His column for the Star was a first-person account. “It was intended to be a humorous diary,” Whitlock said in an interview. The column deals with his friends and how he spent the evenings. No sources needed, and it agreed with most of the media — local and national — that the sensationalism of Vegas outweighed the drabness of the All-Star Game, and while there were some problems associated with 300,000 people and a bottomless supply of liquor, for the most part a good time was had by all. Whitlock’s only complaint in the column is, “You were overwhelmed by the smell of weed, the use of profanity and the N-word-a.” Fair enough. Annoying, but not threatening.
Two days later, writing for AOL Sports, Whitlock said the NBA All-Star Weekend in Vegas was “an unmitigated failure, and any thoughts of taking the extravaganza to New Orleans in 2008 are total lunacy.” In this piece, Whitlock tells of an orgy of crime, mayhem, and violence, and calls for NBA Commissioner David Stern to move the game overseas, “someplace where the Bloods and Crips and hookers and hoes can’t get to it without a passport and plane ticket.”
His AOL article quickly became a hot topic of conversation on radio shows and Internet blogs. Most took Whitlock at his word, never having read his more benign Star column. To be clear, the issue is not what really happened in Vegas but how Whitlock chose to report it — and the possible perils of columnists with two audiences scooping themselves.
This is an age-old problem, said Roy Peter Clark, a senior scholar at the Poynter Institute, a journalism think tank in St. Petersburg, Florida. “There are inherent competing loyalties in a case like this,” he said. “I leave it to his local editor to either kick his ass, or to benefit from the national exposure.”
As a columnist for the Star, Whitlock has an obligation to his Kansas City readers to provide them with what he knows as soon as he knows it. The Star article, however, does not mention the violence, the brawls or suggest any level of chaos on par with what he reported in his AOL piece.
Did Whitlock save the juicier bits for a national column? Whitlock said that when he wrote the Star article he had yet to confirm the rumors he was hearing, which is why he didn’t report on them.
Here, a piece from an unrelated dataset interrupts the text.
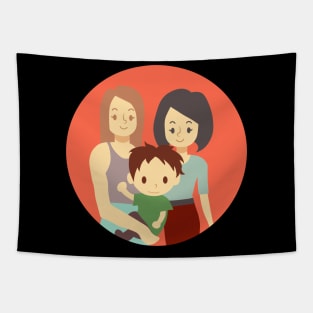 Family with two moms Tapestry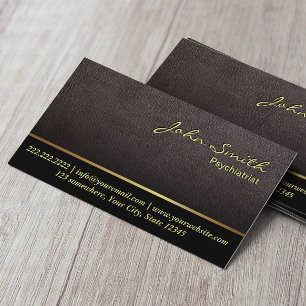 Darker Leather Psychiatrist Business Card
That would make sense had his AOL article not included mostly rumor and speculation anyway. “All weekend, people, especially cab drivers, gossiped about brawls and shootings,” wrote Whitlock in the AOL piece. “You didn’t know what to believe because the local newspaper was filled with stories about what a raging success All-Star Weekend was.” Siding against the local newspapers and with the gossiping cab drivers, Whitlock scolded the NBA, hip-hop culture, the Las Vegas police department, and ESPN, which he derided for not covering the crime spree.
His sources here are thin. The only named source in the AOL article never spoke to Whitlock. She complained to a local television station, not about violence but about rudeness. The only other source is an anonymous occupant of the MGM Grand, who Whitlock claims “literally fled the hotel in fear” and moved to the Luxor, which, for the record, is only six-tenths of a mile from the MGM Grand. Whitlock insisted to me that friends, reporters, and tourists who were in Vegas with him can corroborate the culture of fear that permeated the weekend. Asked why those people were not quoted in his article, Whitlock responded, “I’m not big on quoting anybody. I’m a columnist.”